:: THE PROBLEM ::
Copy only those lines which run from the line containing "OFEYCHUN Ruffle Tiered" to the end of the entries below, both inclusive, exactly as written and with no pictures.

:: SUPPLIED MATERIAL ::
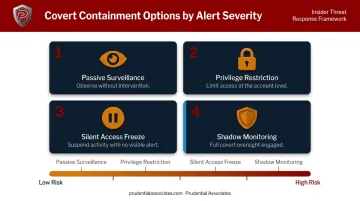 Four covert insider threat containment options calibrated by alert severity level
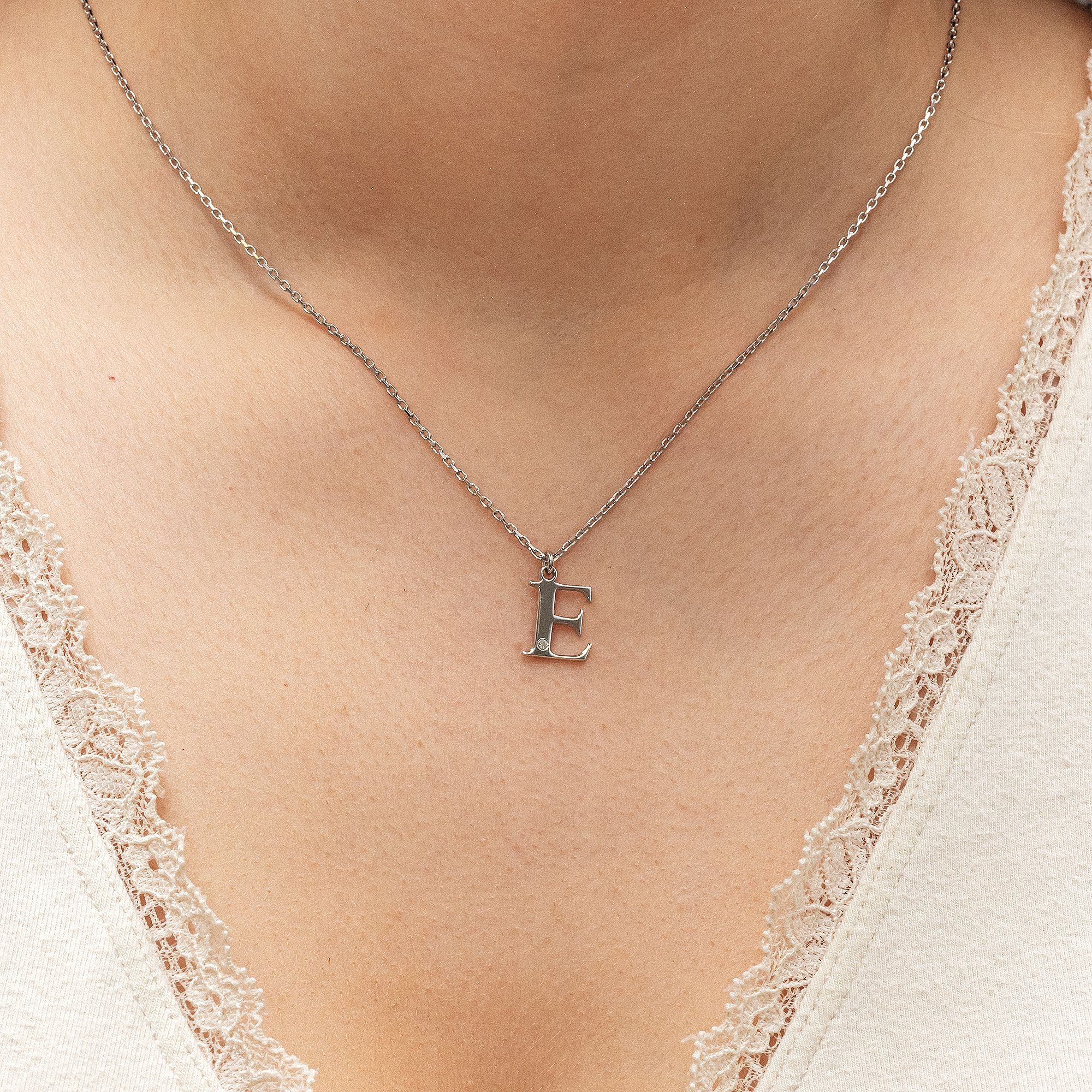 Diamonds by Ellen K. Kette mit Anhänger Silber 925 mit 1x Diamant 0,008ct. Buchstabe E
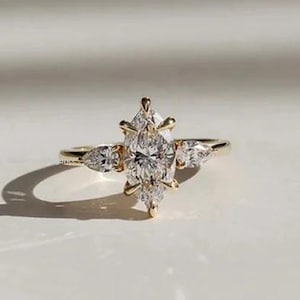 Marquise Cut Diamond Engagement Ring, IGI Certified Three Stone Lab Grown Diamond Ring, Wedding Ring for Women, Anniversary Gifts for Her
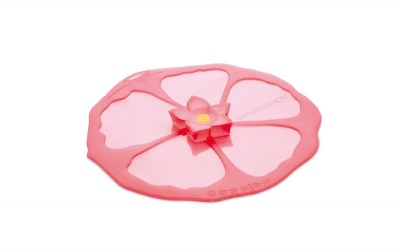 8" Pink Silicone Hibiscus Bloom Lid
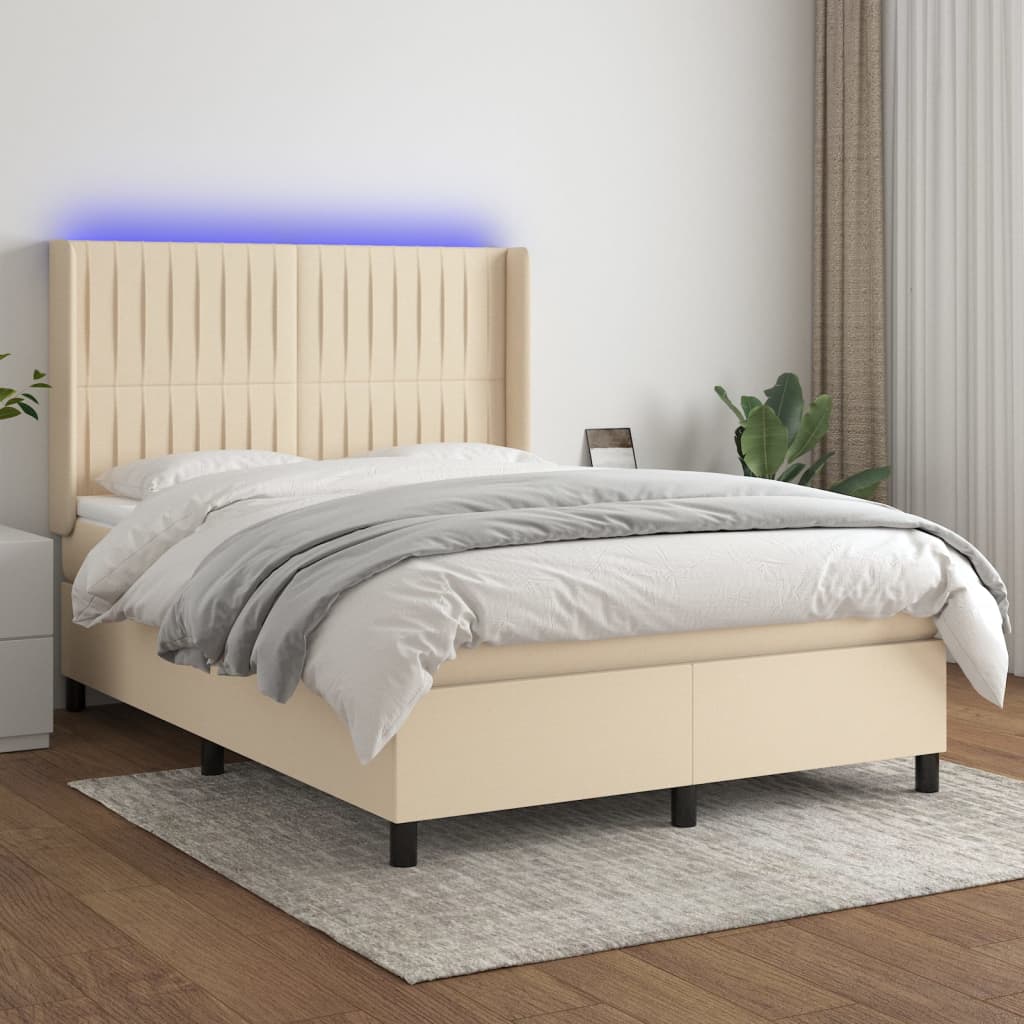 Boxspringbett Mit Matratze & Led Stoff Creme
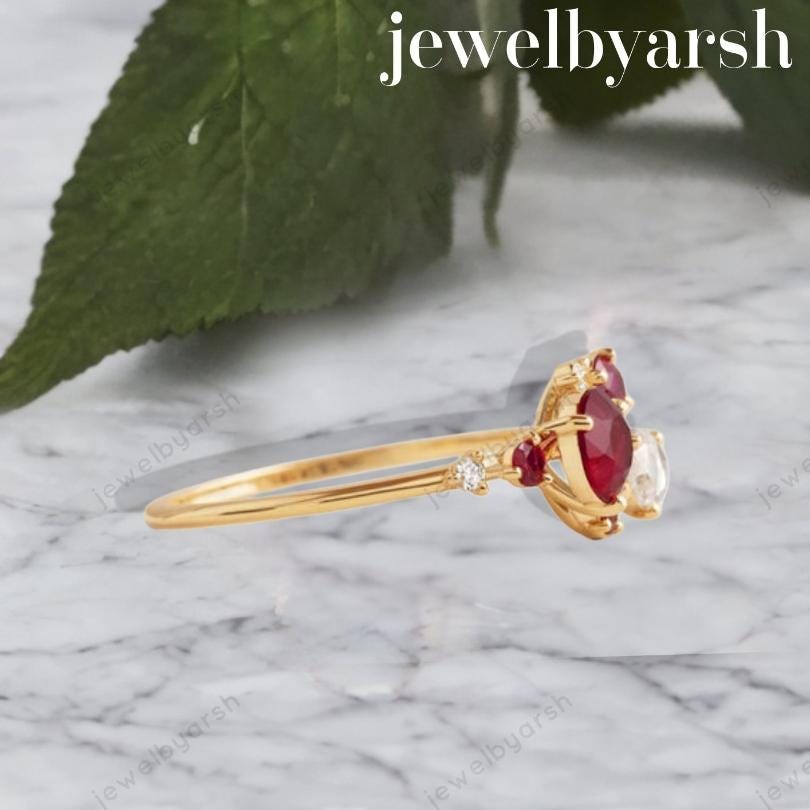 Multi Stone Cluster Ruby Ring, Wedding Anniversary Stone Ring, Colorful Gemstone Diamond Ring | Statement Ring For Women | Gift Jewelry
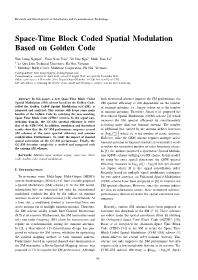 Space-Time Block Coded Spatial Modulation Based on Golden Code - Tien Dong Nguyen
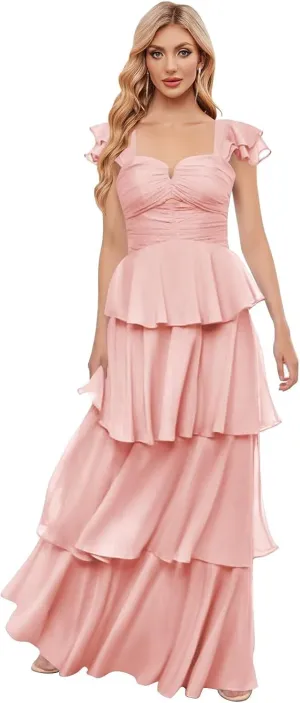 OFEYCHUN Ruffle Tiered Bridesmaid Dress Chiffon Long Prom Dresses 2025 Off The Shoulder Formal Dress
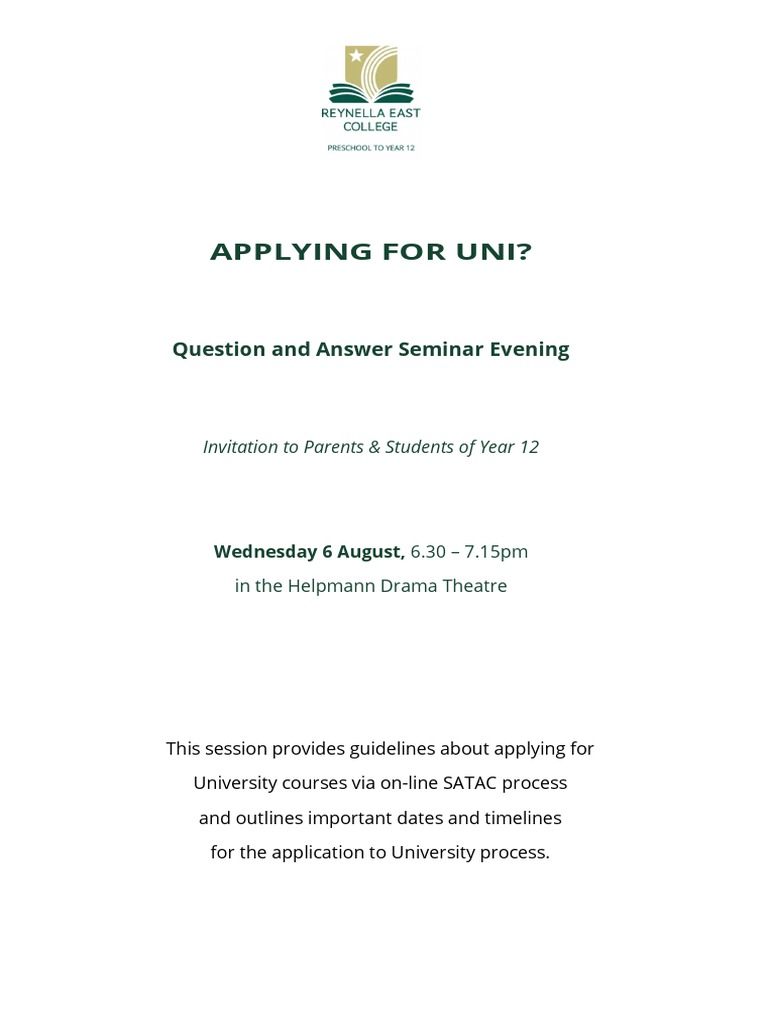 Uni Application Q&A Seminar Invite | PDF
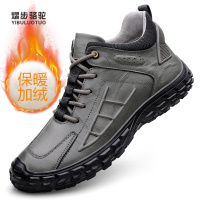 熠步骆驼男鞋羊毛保暖低帮户外马丁靴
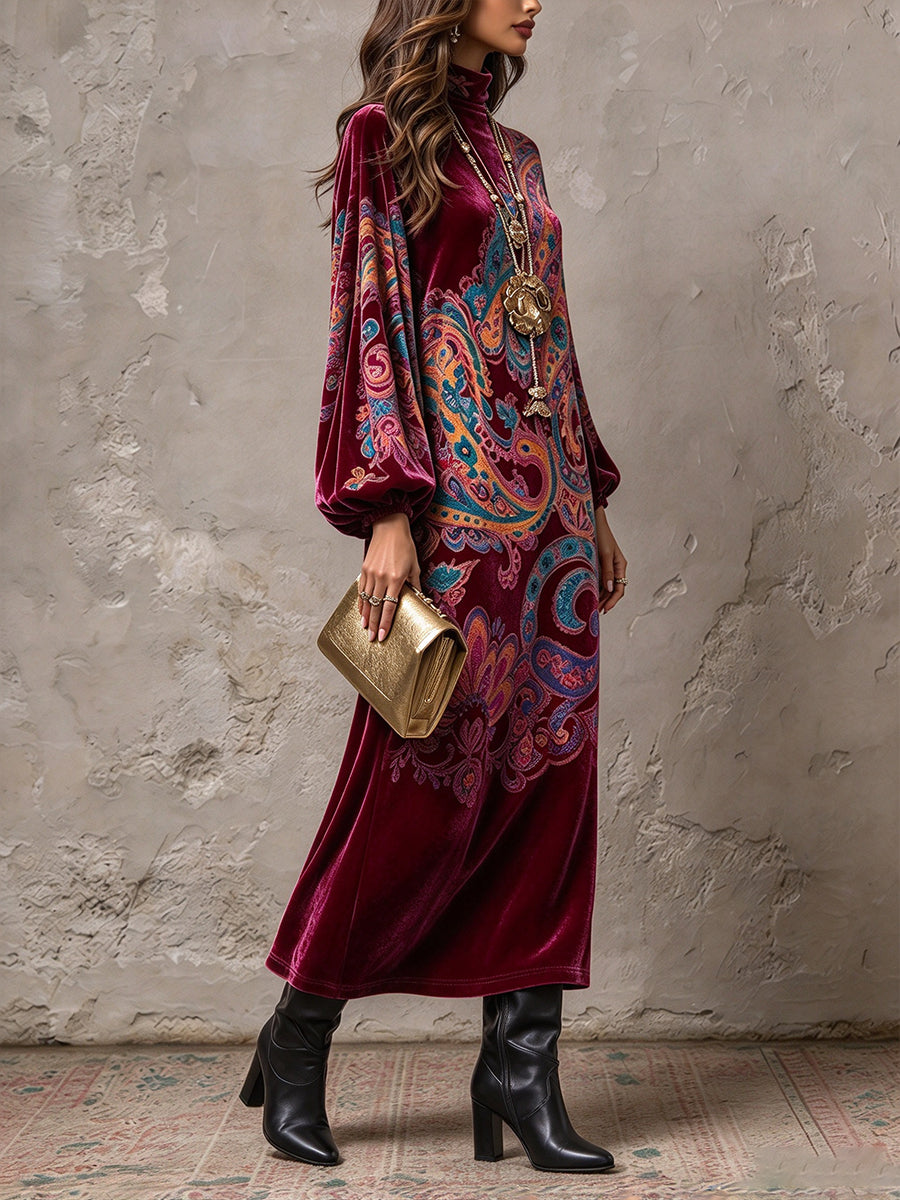 Vintage-style Paisley Print Velvet Midi Dress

:: FINISHED TASK ::
 OFEYCHUN Ruffle Tiered Bridesmaid Dress Chiffon Long Prom Dresses 2025 Off The Shoulder Formal Dress
 Uni Application Q&A Seminar Invite | PDF
 熠步骆驼男鞋羊毛保暖低帮户外马丁靴
 Vintage-style Paisley Print Velvet Midi Dress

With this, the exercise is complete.